14 Et comme Moïse éleva le serpent dans le désert, il faut, de même, que le Fils de l’homme soit élevé,
15 pour que quiconque croit ait en lui la vie éternelle.
16 Car Dieu a tant aimé le monde qu’il a donné son Fils unique, pour que quiconque met sa foi en lui ne se perde pas, mais ait la vie éternelle.
17 Dieu, en effet, n’a pas envoyé son Fils dans le monde pour juger le monde, mais pour que par lui le monde soit sauvé.
18 Celui qui met sa foi en lui n’est pas jugé ; mais celui qui ne croit pas est déjà jugé, parce qu’il n’a pas mis sa foi dans le nom du Fils unique de Dieu.
19 Et voici le jugement : la lumière est venue dans le monde, et les humains ont aimé les ténèbres plus que la lumière, parce que leurs œuvres étaient mauvaises.
20 Car quiconque pratique le mal déteste la lumière ; celui-là ne vient pas à la lumière, de peur que ses œuvres ne soient dévoilées ;
21 mais celui qui fait la vérité vient à la lumière, pour qu’il soit manifeste que ses œuvres ont été accomplies en Dieu.

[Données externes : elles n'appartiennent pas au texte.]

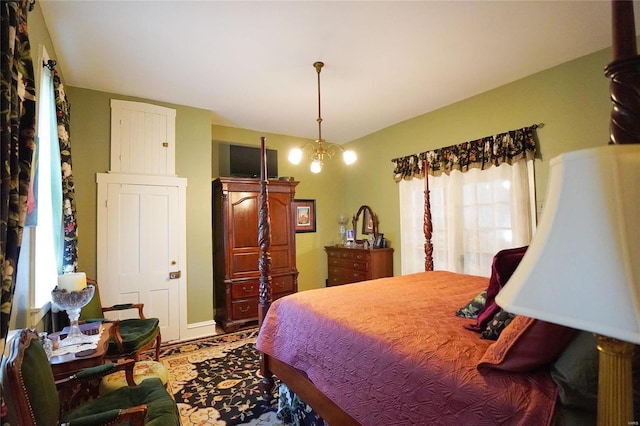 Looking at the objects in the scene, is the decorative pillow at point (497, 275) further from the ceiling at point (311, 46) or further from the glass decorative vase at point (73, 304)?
the glass decorative vase at point (73, 304)

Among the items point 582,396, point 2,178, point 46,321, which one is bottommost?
point 46,321

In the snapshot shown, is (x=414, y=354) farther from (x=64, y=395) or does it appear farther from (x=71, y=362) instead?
(x=64, y=395)

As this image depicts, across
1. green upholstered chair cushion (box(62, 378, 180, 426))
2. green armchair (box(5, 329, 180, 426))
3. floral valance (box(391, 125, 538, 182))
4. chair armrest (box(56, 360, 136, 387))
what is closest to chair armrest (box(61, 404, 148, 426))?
green armchair (box(5, 329, 180, 426))

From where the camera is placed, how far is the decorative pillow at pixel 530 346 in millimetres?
1018

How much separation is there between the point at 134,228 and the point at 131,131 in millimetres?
1085

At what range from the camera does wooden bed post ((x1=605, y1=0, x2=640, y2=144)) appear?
769 mm

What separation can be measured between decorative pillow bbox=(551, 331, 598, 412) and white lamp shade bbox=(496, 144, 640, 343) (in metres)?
0.46

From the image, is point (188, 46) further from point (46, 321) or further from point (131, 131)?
point (46, 321)

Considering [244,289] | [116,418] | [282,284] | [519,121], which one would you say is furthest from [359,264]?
[116,418]

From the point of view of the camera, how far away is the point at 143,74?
117 inches

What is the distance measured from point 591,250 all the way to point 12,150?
1.81m

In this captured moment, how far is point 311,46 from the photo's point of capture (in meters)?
2.56

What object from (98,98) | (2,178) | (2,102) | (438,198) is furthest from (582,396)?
(98,98)

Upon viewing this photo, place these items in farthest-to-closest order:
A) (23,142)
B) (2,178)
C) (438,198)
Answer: (438,198)
(23,142)
(2,178) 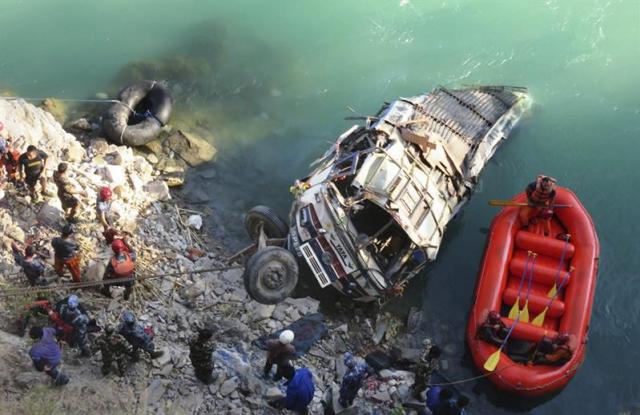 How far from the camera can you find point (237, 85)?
16406 millimetres

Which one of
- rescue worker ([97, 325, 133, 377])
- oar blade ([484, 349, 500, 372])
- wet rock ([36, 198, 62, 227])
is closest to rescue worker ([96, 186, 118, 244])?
wet rock ([36, 198, 62, 227])

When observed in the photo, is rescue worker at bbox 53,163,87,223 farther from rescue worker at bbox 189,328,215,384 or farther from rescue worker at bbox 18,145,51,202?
rescue worker at bbox 189,328,215,384

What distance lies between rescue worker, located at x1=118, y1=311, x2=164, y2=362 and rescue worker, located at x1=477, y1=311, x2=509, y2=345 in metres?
5.45

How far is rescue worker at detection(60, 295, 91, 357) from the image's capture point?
27.1 ft

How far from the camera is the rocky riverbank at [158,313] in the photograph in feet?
27.5

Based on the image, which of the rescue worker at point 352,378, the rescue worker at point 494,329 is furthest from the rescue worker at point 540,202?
the rescue worker at point 352,378

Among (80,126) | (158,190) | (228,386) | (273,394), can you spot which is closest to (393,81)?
(158,190)

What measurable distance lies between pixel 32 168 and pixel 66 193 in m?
0.72

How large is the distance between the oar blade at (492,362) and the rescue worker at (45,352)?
664 centimetres

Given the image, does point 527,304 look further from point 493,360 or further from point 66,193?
point 66,193

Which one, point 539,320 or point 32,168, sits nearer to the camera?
point 32,168

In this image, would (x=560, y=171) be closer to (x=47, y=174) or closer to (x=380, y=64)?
(x=380, y=64)

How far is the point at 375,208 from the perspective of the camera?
11672 millimetres

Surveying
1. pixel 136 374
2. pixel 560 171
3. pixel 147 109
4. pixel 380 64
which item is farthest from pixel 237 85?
pixel 136 374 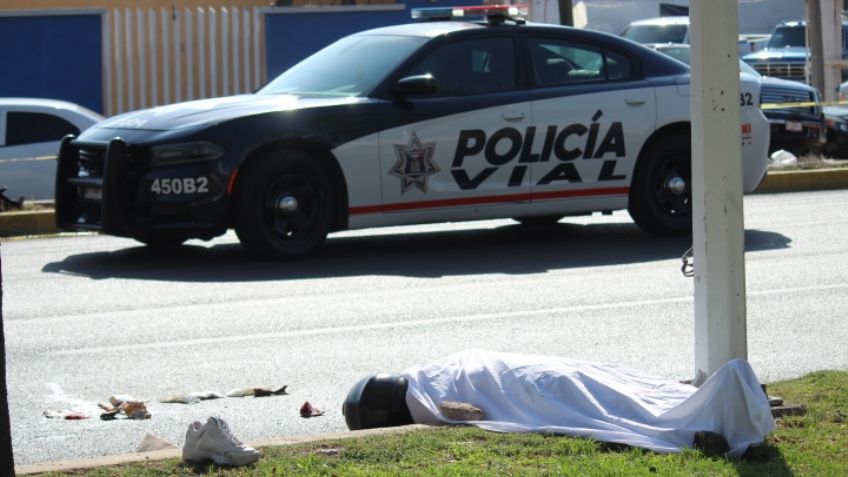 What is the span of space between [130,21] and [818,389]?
17.6 m

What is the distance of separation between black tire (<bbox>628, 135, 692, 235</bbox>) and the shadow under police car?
0.55 ft

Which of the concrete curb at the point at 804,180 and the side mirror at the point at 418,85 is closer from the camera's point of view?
the side mirror at the point at 418,85

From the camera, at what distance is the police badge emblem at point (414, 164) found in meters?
10.8

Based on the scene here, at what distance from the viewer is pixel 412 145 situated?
10.8 metres

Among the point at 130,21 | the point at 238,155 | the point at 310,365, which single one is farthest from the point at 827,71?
the point at 310,365

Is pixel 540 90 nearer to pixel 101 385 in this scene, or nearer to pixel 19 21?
pixel 101 385

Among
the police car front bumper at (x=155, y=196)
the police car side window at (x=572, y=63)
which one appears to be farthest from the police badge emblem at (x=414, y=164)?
the police car front bumper at (x=155, y=196)

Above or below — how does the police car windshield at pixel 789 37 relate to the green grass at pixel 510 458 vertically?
above

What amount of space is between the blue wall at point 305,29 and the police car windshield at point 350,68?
11127 millimetres

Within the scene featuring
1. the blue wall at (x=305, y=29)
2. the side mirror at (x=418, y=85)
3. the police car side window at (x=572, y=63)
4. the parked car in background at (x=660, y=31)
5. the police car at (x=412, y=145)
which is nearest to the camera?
the police car at (x=412, y=145)

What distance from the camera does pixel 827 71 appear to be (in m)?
23.9

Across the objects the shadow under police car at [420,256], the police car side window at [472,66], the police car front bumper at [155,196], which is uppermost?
the police car side window at [472,66]

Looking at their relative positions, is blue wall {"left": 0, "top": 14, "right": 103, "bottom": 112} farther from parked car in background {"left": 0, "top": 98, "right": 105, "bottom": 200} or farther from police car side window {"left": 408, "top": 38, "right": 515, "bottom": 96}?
police car side window {"left": 408, "top": 38, "right": 515, "bottom": 96}

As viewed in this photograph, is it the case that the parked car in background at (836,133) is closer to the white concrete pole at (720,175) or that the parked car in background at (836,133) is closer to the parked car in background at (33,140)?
the parked car in background at (33,140) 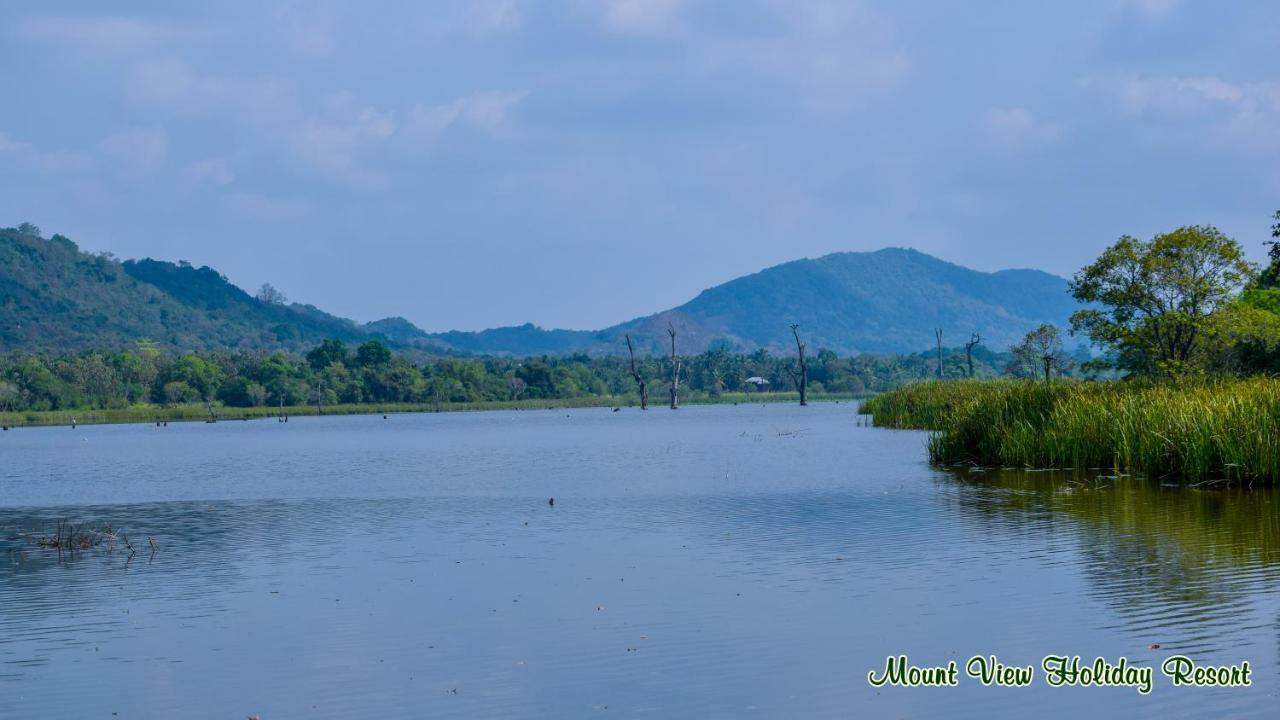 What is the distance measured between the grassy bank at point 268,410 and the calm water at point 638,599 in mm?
94609

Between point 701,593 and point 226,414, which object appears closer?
point 701,593

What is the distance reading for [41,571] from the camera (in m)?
19.8

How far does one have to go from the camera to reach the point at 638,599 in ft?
52.0

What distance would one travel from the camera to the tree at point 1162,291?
140 feet

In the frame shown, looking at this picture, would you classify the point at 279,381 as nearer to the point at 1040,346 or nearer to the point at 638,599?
the point at 1040,346

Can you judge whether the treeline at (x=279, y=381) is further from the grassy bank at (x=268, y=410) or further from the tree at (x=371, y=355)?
the grassy bank at (x=268, y=410)

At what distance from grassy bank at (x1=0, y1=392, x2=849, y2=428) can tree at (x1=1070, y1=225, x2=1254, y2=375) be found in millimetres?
91721

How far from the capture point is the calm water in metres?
11.4

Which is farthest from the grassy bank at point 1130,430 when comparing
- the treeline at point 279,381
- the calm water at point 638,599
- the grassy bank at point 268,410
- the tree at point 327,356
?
Result: the tree at point 327,356

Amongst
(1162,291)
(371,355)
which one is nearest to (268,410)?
(371,355)

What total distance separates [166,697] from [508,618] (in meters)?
4.37

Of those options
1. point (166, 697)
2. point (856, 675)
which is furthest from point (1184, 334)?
point (166, 697)

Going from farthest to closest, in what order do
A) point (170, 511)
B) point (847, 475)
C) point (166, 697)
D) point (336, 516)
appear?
point (847, 475)
point (170, 511)
point (336, 516)
point (166, 697)

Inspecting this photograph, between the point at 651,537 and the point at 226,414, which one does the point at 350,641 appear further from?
the point at 226,414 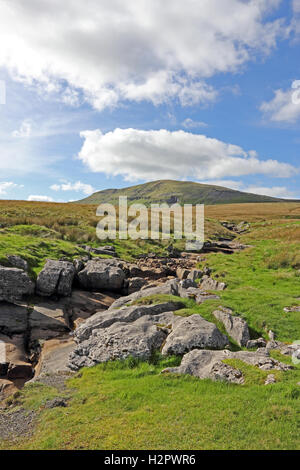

Un serpent élevé, dressé, sur un bâton : nous connaissons très bien cela, nous l’avons déjà tous vu. Il suffit de croiser la voiture d’un médecin. Le caducée d’Esculape est devenu l’emblème de la médecine en Europe.
Un serpent comme symbole de soins et de guérison, cela peut surprendre car le plus souvent, le serpent est associé à la mort, souvent sous terre, rampant sur terre, et effectivement, certains sont mortels par morsure ou par constriction, et quelques films donnent ainsi lieu à quelques mises en scène tout à fait effrayantes… Mais dès l’Antiquité, le serpent est ambivalent, symbole de mort, mais aussi de renaissance, de fécondité à cause du phénomène de mue.
Ce qui est plus surprenant encore, c’est que l’évangéliste Jean compare sans prévenir et sans frémir le Fils de l’homme au serpent élevé par Moïse dans le désert, le fils de l’homme élevé, ce qui dans l’évangile de Jean désigne toujours la crucifixion. Élevé sur une croix, comme le serpent élevé sur un bâton, il nous faut lire le récit de référence pour comprendre.

Livre des Nombres 21, 4-9

4 Ils partirent de Hor-la-Montagne par le chemin de la mer des Joncs, pour contourner Edom. En route, le peuple perdit patience
5 et parla contre Dieu et contre Moïse : Pourquoi nous avez-vous fait monter d’Egypte si nous devons mourir dans le désert ? Il n’y a ici ni pain ni eau, et nous avons pris en horreur ce pain méprisable !
6 Alors le SEIGNEUR envoya contre le peuple des serpents brûlants ; ils mordirent le peuple, et il mourut beaucoup de gens en Israël.
7 Le peuple vint trouver Moïse et dit : Nous avons péché : nous avons parlé contre le SEIGNEUR et contre toi. Prie le SEIGNEUR, pour qu’il éloigne de nous ces serpents ! Moïse pria pour le peuple.
8 Le SEIGNEUR dit à Moïse : Fais-toi un serpent brûlant et place-le sur une perche ; quiconque a été mordu et le verra restera en vie.
9 Moïse fit un serpent de bronze et le plaça sur la perche ; si quelqu’un était mordu par un serpent et regardait le serpent de bronze, il restait en vie.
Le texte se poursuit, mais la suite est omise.